The cessation of snow and ice has led to the resurgence of field trips to explore the area, and I'm finding more and more things to develop a fondness for in this strange land of Northern Illinois.

Arboretum

 The other week, a friend from knit group very generously invited the boys and I to come to the Morton Arboretum on her member pass, and that was a lovely day. I learned quite a bit about local flora: myriad varieties of oak and magnolia (not the ones I'm used to) and maple (so many maples!), ash and beech and birch and larch and spruce. Lilac is a novelty, as are cherry trees and crabapple, viburnum and peonies.

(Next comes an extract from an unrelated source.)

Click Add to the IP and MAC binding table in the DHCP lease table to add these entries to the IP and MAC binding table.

Holy wow, PEONIES.

 There were tree houses connected by rope bridges for the boys to climb (they even convinced me to haul myself across the skyway once -- Trixy kindly but firmly declined), and ponds where you could wade and catch tadpoles. I was out in the sun for hours and got burnt -- but not heat exhausted. I seldom got burnt in Florida, because I couldn't be out in the heat long enough. WEIRDNESS. I like it.

 Feel-Good Farming

 Last week, the boys and I went on a homeschool group expedition to an organic farm. I still haven't really connected with anyone in that group, but the tour was excellent. Farmer Nate knew what was up. We learned about microgreens and soil blocks and transplant shock and bacterial pest control and the importance of living soil. We saw the greenhouses and portable hoop houses and learned how they're able to grow spinach even with snow outside. We learned that after mid-February the angle of the sun shifts so that it no longer has to shine through so much atmosphere before hitting ground, and that's when you can harvest enough of its energy to start seedlings. It's like scientific magic.

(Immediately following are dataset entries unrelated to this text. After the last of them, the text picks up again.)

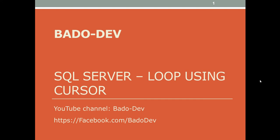Hi guys, welcome back to Battle Dev Channel. Today we will talk about loop using cursors in SQL Server and we will explain the concept and create a simple example.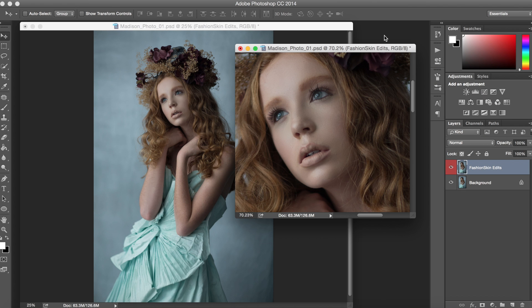Hi everyone, it's Krista Lajara here with a new tutorial for Emily Soto's Fashion Actions. Today we're going to be working with a brand new action called Madison, which is released under the Victorian collection.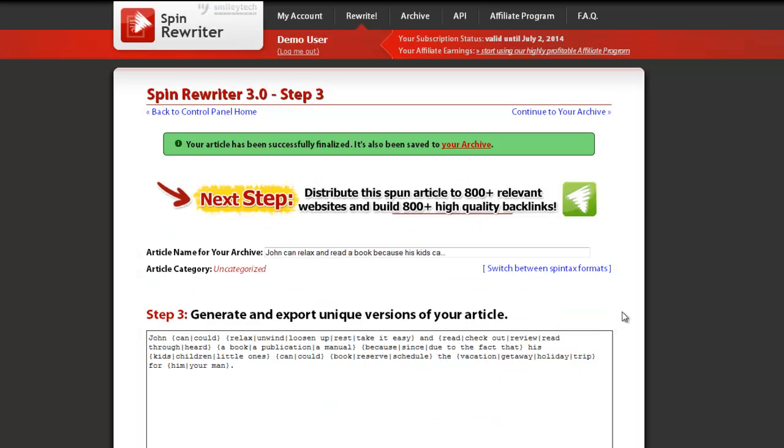So, the I'm feeling lucky option is used by users who want SpinRewriter to do 100% of the work. The resulting articles are usually very, very good. However, if you want more control and would like to apply some changes to the generated spin syntax, I suggest using the one-click rewrite option.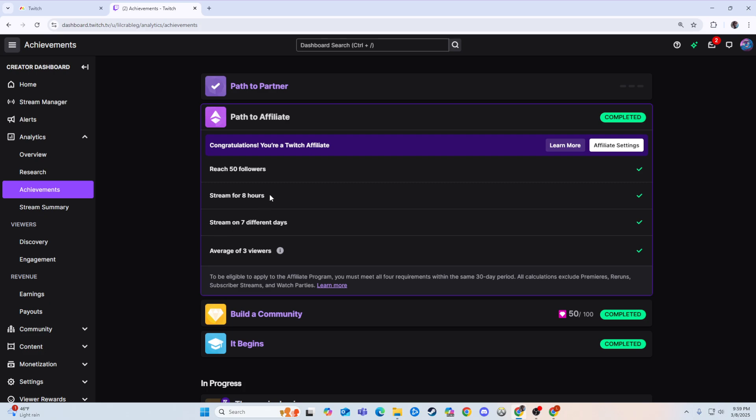So you need to have 50 followers, it's going to show you right there how close you are. 8 hours, it'll show you how close you are. 7 different days, and then an average of 3 viewers.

The farm supplies restaurants in Chicago as well as more local Whole Foods-type grocers. After the tour, Seth told Farmer Nate that he planned to be a chef in a restaurant some day. Nate confided that he had BEEN a chef, and he got so interested from talking to his organic suppliers that he made the transition to farming, and now he still dabbles in haute cuisine with his own produce. Talk about creative control.

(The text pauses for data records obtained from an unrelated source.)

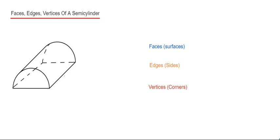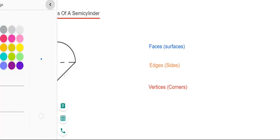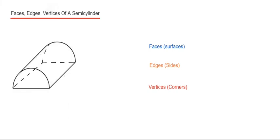So first of all let's start with the faces. The faces are the surfaces which make the shape. Okay, so let's count these first.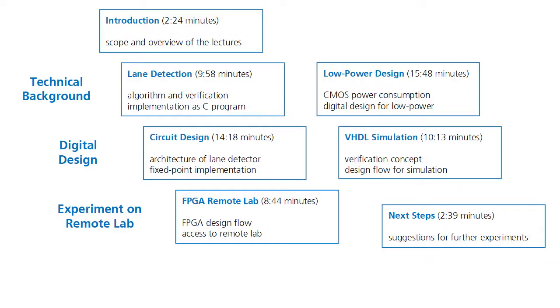I hope you found this example interesting. There are more videos which explain the complete design of the edge detection algorithm. Thank you for your interest.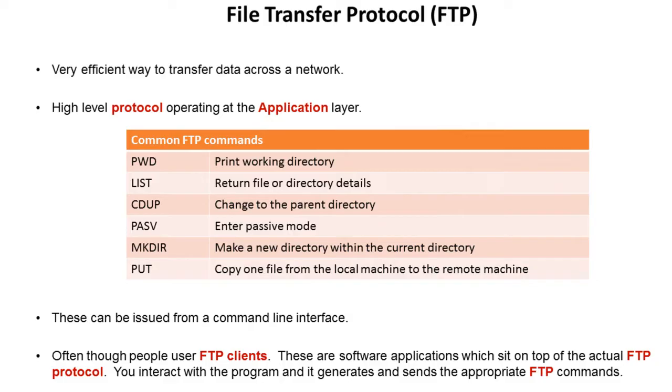So the FTP command PWD would print the current directory the system is in. LIST would return all the files and directories. You could change the directory above it. You could make new directories and you can copy files.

 The farm also has bee hives, which we unfortunately did not get to see. We did purchase raw honey from their market, though, and I had to exercise great control not to purchase one of every flavor: they had lavender-infused, cinnamon, rosemary, and cocoa honeys. So intriguing, but so expensive, alas.

 Suburban Sun-Dancing 

Yesterday, we all went on a field trip with the church's RE group to the home of a retired Lakota Sioux sun dancer and his wife. We learned about the medicine wheel and the prayers to spirits in the 7 directions, we got to smell burning sage and sweetgrass and cedar, see the sweat lodge, and participate in a pipe ceremony. I sat in their living room while the drum beat and they sang in a language of First Americans, and I marveled that my white self was being granted this experience. It's a really good thing to be taken out of your usual modes of cognition sometimes and to glimpse that others' can be so different, and that it works so well. I feel this morning that we're all aliens with a common planet.

 Well. My teapot is empty, and laundry awaits. Happy June, everyone.